As for symbols, Baum never mentions such an item in his text. Neill's Oz insignia (the famous Z enclosed in an O) comes to mind, but Baum never designed it. (In fact, it's earliest appearance in Ozma of Oz contradicts how Baum describes it.)

Now, as for beliefs, we're not told that anyone in Oz doesn't believe in Lurline or fairy magic. For them, magic is commonplace, and they have Ozma (who says she was part of Lurline's band) to remind them of Lurline's existence. While they do believe in Lurline, very much it is believing she exists. It's similar to believing someone you've only e-mailed once or twice exists.

As for practices, we are never told that there are any practices people in Oz do to please Lurline or become closer to her. We are told of practice in magic, which could be interpreted as religious acts, including rites (motions and magic words) during the act. I rather feel that this is to accomplish something rather than a religious act, but I also feel this is up for personal interpretation.

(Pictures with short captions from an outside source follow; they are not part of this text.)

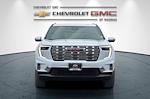 2026 GMC Acadia AWD SUV for sale #26G146 - photo 8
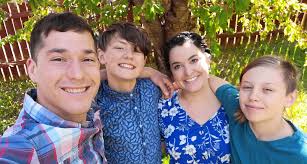 IMPACT REPORT 2020-21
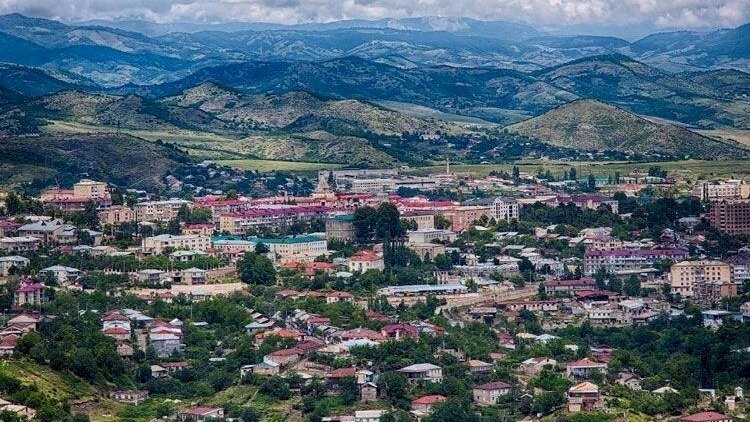 “Şeytan yuvası”nda Bakıya qarşı şok plan - komandoslar dərhal işə qarışacaq!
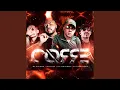 Download Lagu Corre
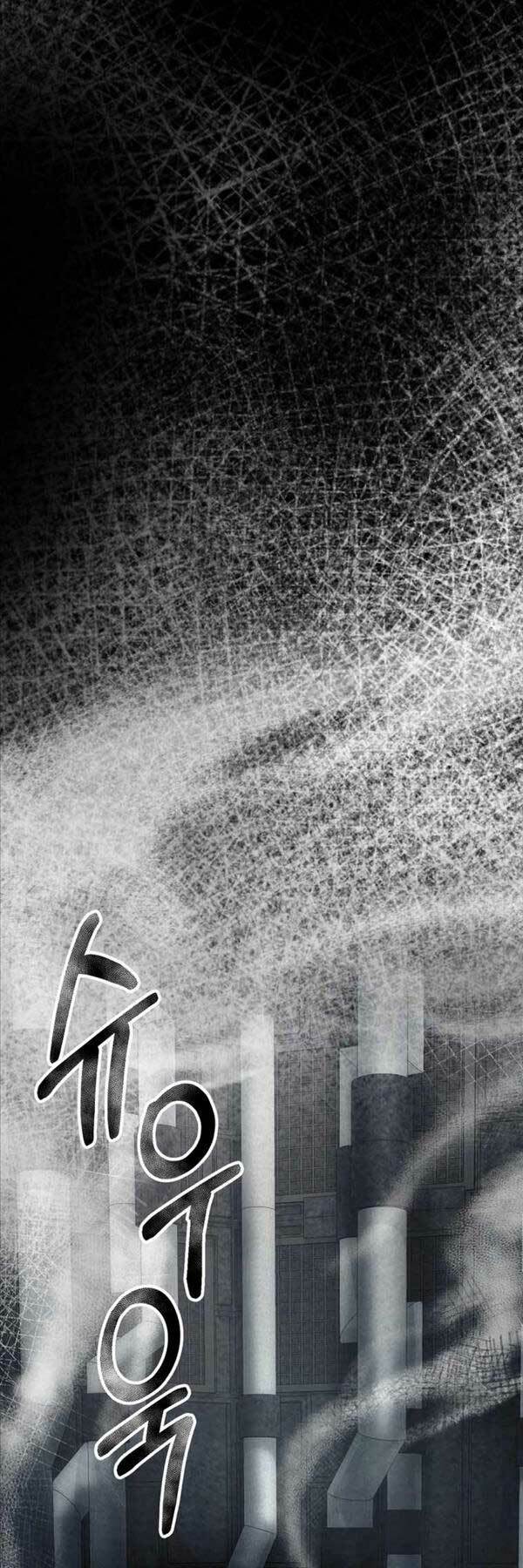 Tôi đã trở thành quái vật không gian - Chapter 6 - Page 42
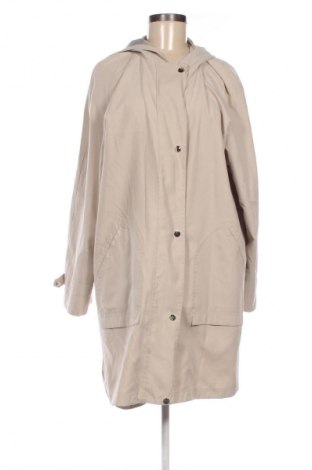 Γυναικείο μπουφάν Jdy, Μέγεθος M, Χρώμα  Μπέζ, Τιμή 7,99 €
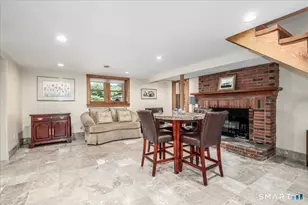161 Derby Ave, Orange, CT 06477 - Photo 22
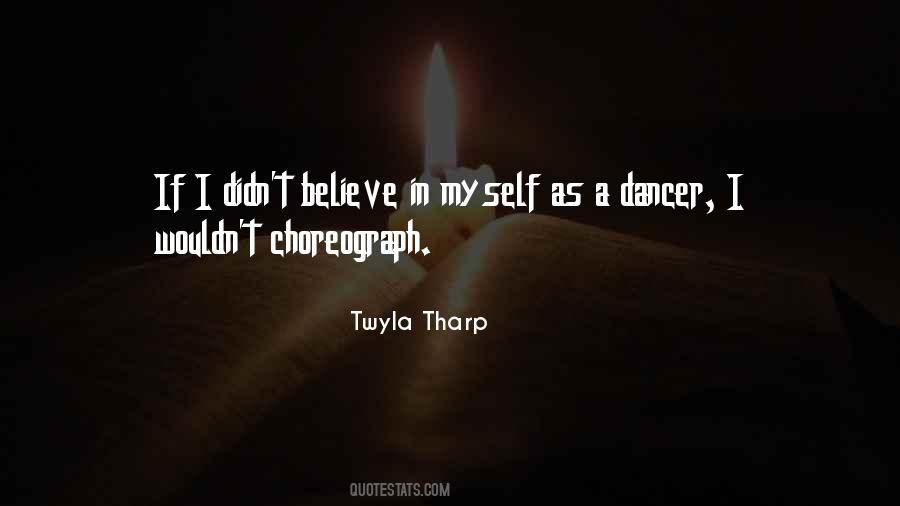 Deathbed Music Video Quotes #891644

Just as there are no churches or places of worship in the Oz series, we are never told that Ozma or Glinda (or anyone else) do obeisance to Lurline or any other higher power or deity. The closest Baum had to mentioning God in any of his Oz or Oz-related books is a "Great Master" in The Life And Adventures of Santa Claus, and this character, whether it is God or someone else, is only briefly mentioned.

Really, I don't think Oz has a religion, but rather a belief system where they believe that there are powerful forces in the world.

Honestly, I don't think they need religion in Oz. Everyone is allowed to live as they please (as long as they don't hurt anyone else), and they're all well-provided for and they live forever. What would be the point of hoping for something else?

By the way, this whole blog entry is solely my opinion, I have not spoken with anyone else on this matter, and as such, is my own interpretation on Baum's fantasy world. My views here are open and very debatable.